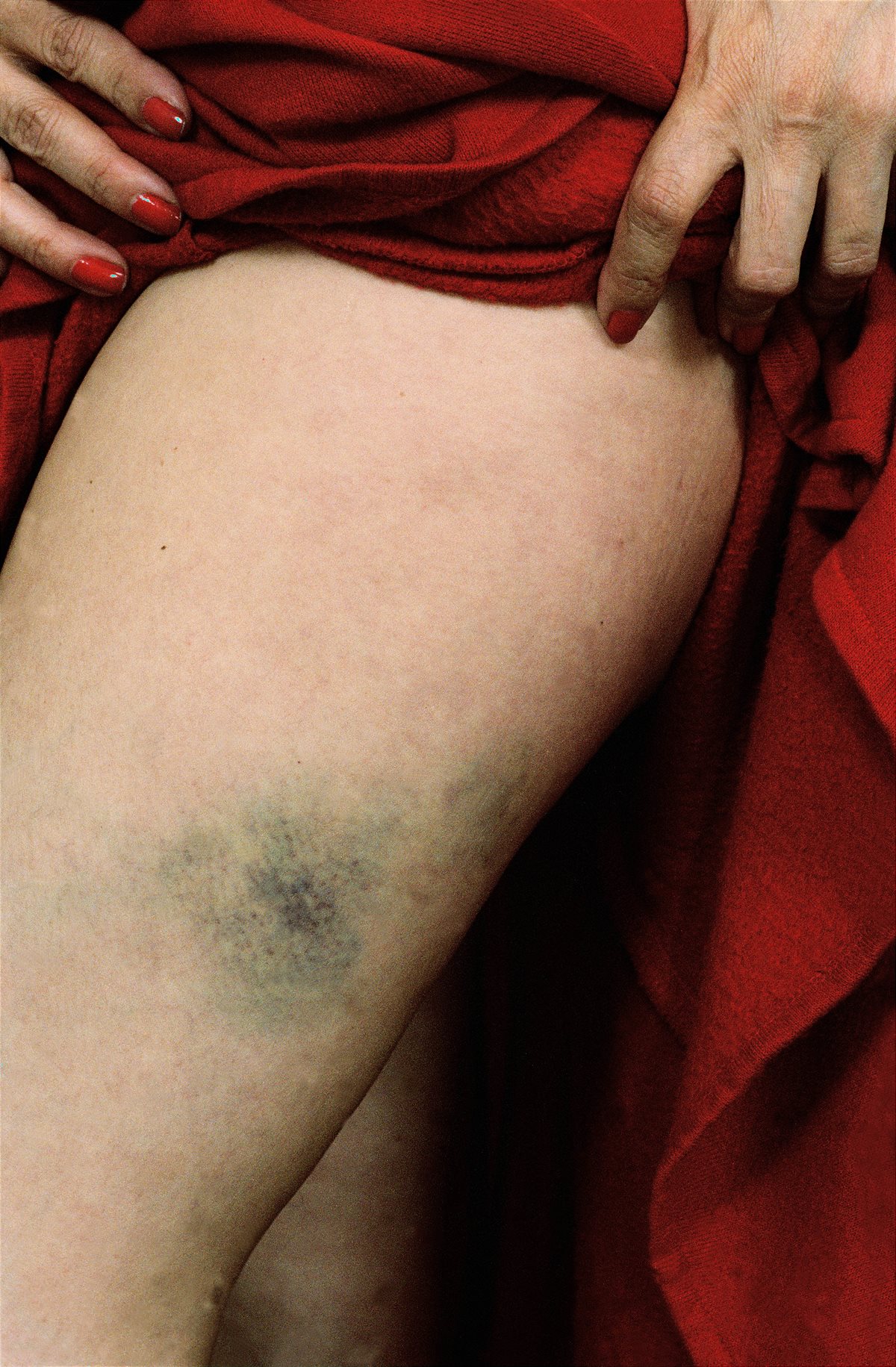 Susan Meiselas_Bruised woman victim of domestic violence. San Francisco, USA, 1992_C_Susan Meiselas_Magnum Photos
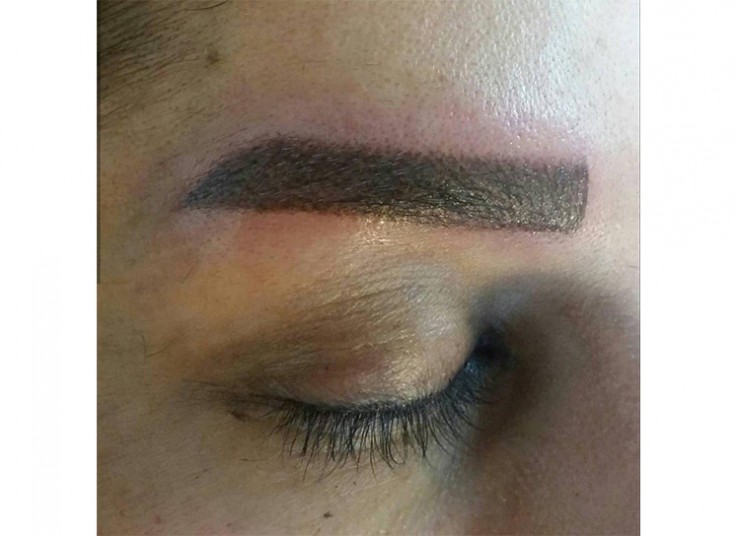 میکروپیگمنتیشن سحر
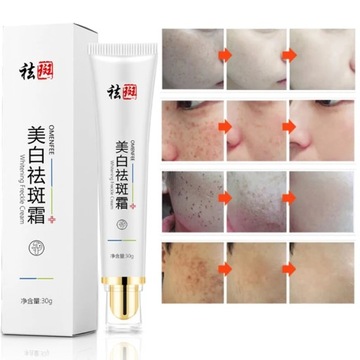 Skuteczny krem wybielający piegi usuń Melasma trądzik punktowy Pigment mela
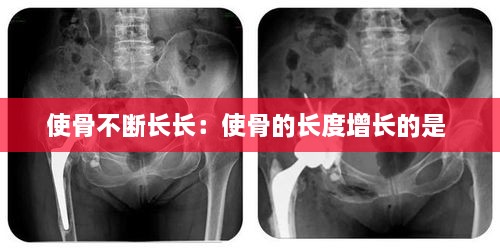 使骨不断长长：使骨的长度增长的是 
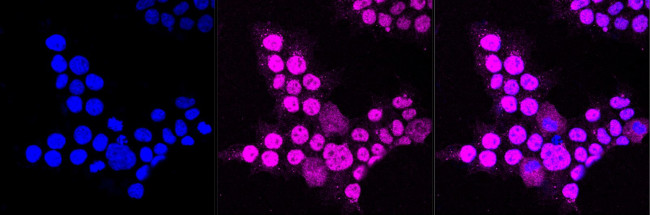 ACBD3 Antibody in Immunocytochemistry (ICC/IF)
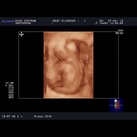  3D echo van onze prachtige zoon! Gemaakt door Dokter elvin papa, super mooi ruggetje en schattige billetjes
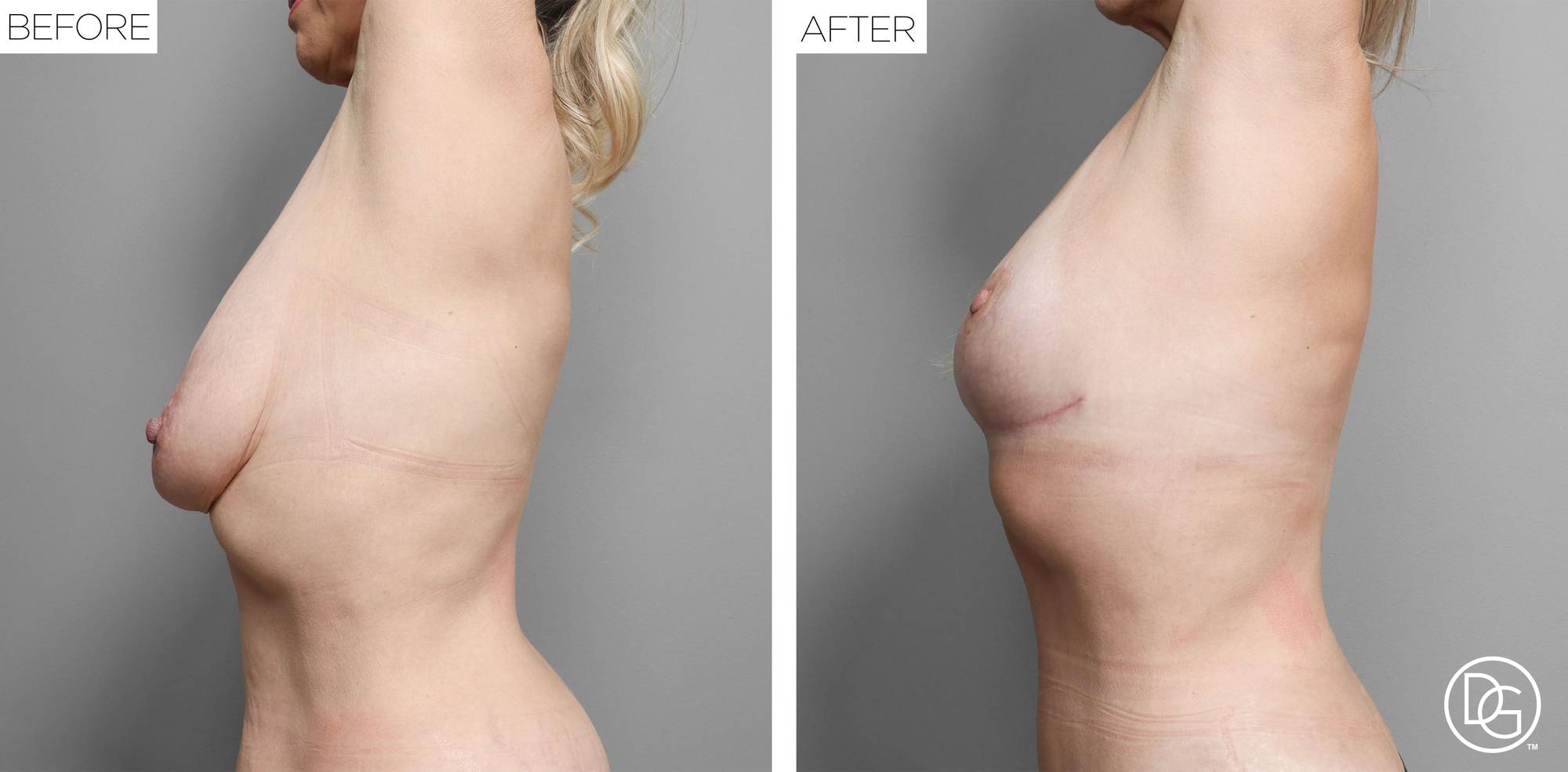 Before & After Image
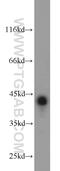 Synaptonemal Complex Central Element Protein 1 antibody, 17406-1-AP, Proteintech Group, Western Blot image 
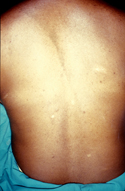 Hypopigmented ash-leaf macules of tuberous sclerosis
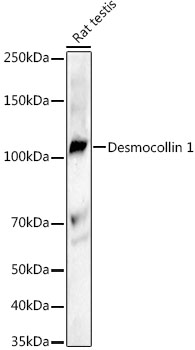 Desmocollin 1 Rabbit Monoclonal Antibody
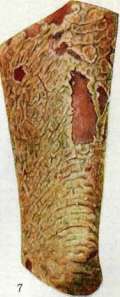 Pemphigus: figure 6 from the 1928–1936 encyclopedia article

What to work on »
Final task for the records above: print exactly the lines from the one that contains "3D echo van" through the last line, both ends included, pictures excluded.

Answer space »
  3D echo van onze prachtige zoon! Gemaakt door Dokter elvin papa, super mooi ruggetje en schattige billetjes
 Before & After Image
 Synaptonemal Complex Central Element Protein 1 antibody, 17406-1-AP, Proteintech Group, Western Blot image 
 Hypopigmented ash-leaf macules of tuberous sclerosis
 Desmocollin 1 Rabbit Monoclonal Antibody
 Pemphigus: figure 6 from the 1928–1936 encyclopedia article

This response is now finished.